On an otherwise quiet Sunday afternoon in late May 1927, more than 85,000 vehicles crowded the roads leading to Bath. They were drawn by a sense of morbid curiosity to see the remnants of a massive explosion, which on May 18 ripped into the Bath Consolidated School, killing 44 including 38 children.
In his new book, “Maniac: The Bath School Disaster and the Birth of the Modern Mass Killer,” noted true crime writer and expert Harold Schechter writes about the what has become known as the worst mass killing at a school in United States history.
Grieving families were still burying their dead as the cars carrying the curious rolled through the small village.
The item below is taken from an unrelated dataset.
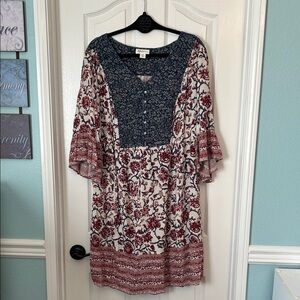 Style & Co. Navy and Burgundy Floral Long Sleeve Dress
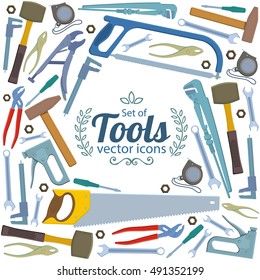 Background of repair tools icons with round frame. Template for packaging, cards, posters, menu. Vector illustration.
The cars’ passengers were talking about the madman Andrew Kehoe who had caused the devastation, but also about the young American pilot Charles Lindbergh, who on May 21 became the first aviator to cross the Atlantic Ocean — flying from New York City to Paris in 33 and one-half hours.
Soon, except for the grieving survivors, the Bath School bombing would pass into oblivion in the passage of history until the horrific school shooting at Columbine in 1999.
“Maniac” is not the first book to be written about the Bath School bombing. Shortly after the bombing, an account, “The Bath School Disaster,” appeared in a locally produced pamphlet, and in 1979, author Grant Parker wrote “Mayday: The History of a Village Holocaust,” which would become the standard until 2007, when Chicagoan Arnie Bernstein wrote “Bath Massacre: America’s First School Bombing.”
Upper Peninsula author John Smolens wrote about the bombing in his remarkable piece of historical fiction, “Day of Days.” Locally, a historical docudrama is nearing completion by Ahptic, a film production house.
Still, tragedies such as the Bath School bombing have a way of passing from the public consciousness, according to Schechter, who has studied true crime incidents since his early days as a university professor. He recently retired.
For the book, Schechter traveled to Bath and walked the memorial across from the site of the bombing. The door to the school was locked, but by luck a teacher let him into the school to view the historical collection related to the bombing. Extensive research was also conducted at the Library of Michigan.
“It was totally heartbreaking,” Schechter said. “There is nothing like seeing physical objects to bring the story to life.”
In one portion of the book, Schechter focuses on the perpetrator Kehoe, whom he calls a “grievance collector.” The author said Kehoe closely fits the profile of mass killers who believe their life has come to a dead end.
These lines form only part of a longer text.